Source material below:

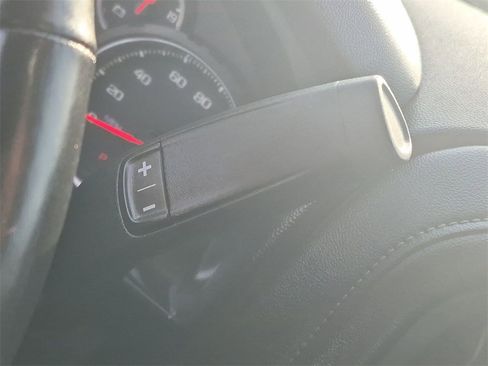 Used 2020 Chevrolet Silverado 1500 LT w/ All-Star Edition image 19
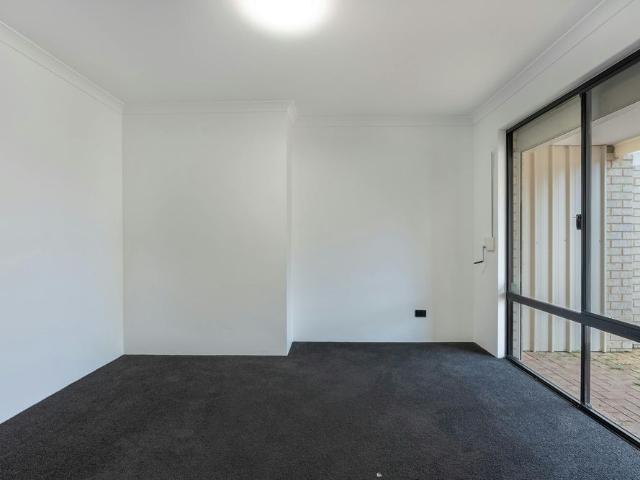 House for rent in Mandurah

End of Source material.
Source material below:

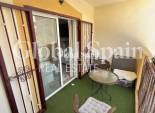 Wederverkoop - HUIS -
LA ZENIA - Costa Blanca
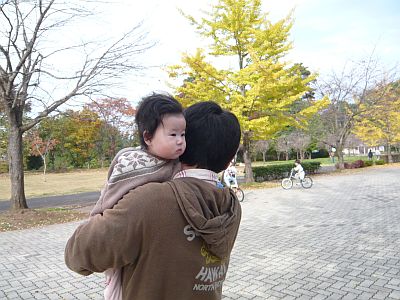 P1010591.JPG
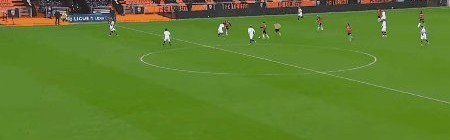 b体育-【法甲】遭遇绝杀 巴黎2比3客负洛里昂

End of Source material.
Source material below:

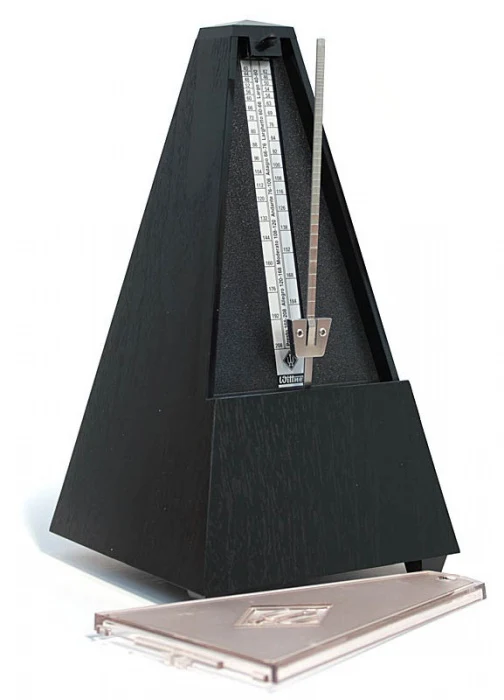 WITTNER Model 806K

End of Source material.

Work task> Going by the entries above, repeat exactly the lines that start at the line with "Wederverkoop - HUIS" and go on through the line with "b体育-【法甲】遭遇绝杀 巴黎2比3客负洛里昂". Pictures are not part of the copy.

Exercise response>
 Wederverkoop - HUIS -
LA ZENIA - Costa Blanca
 P1010591.JPG
 b体育-【法甲】遭遇绝杀 巴黎2比3客负洛里昂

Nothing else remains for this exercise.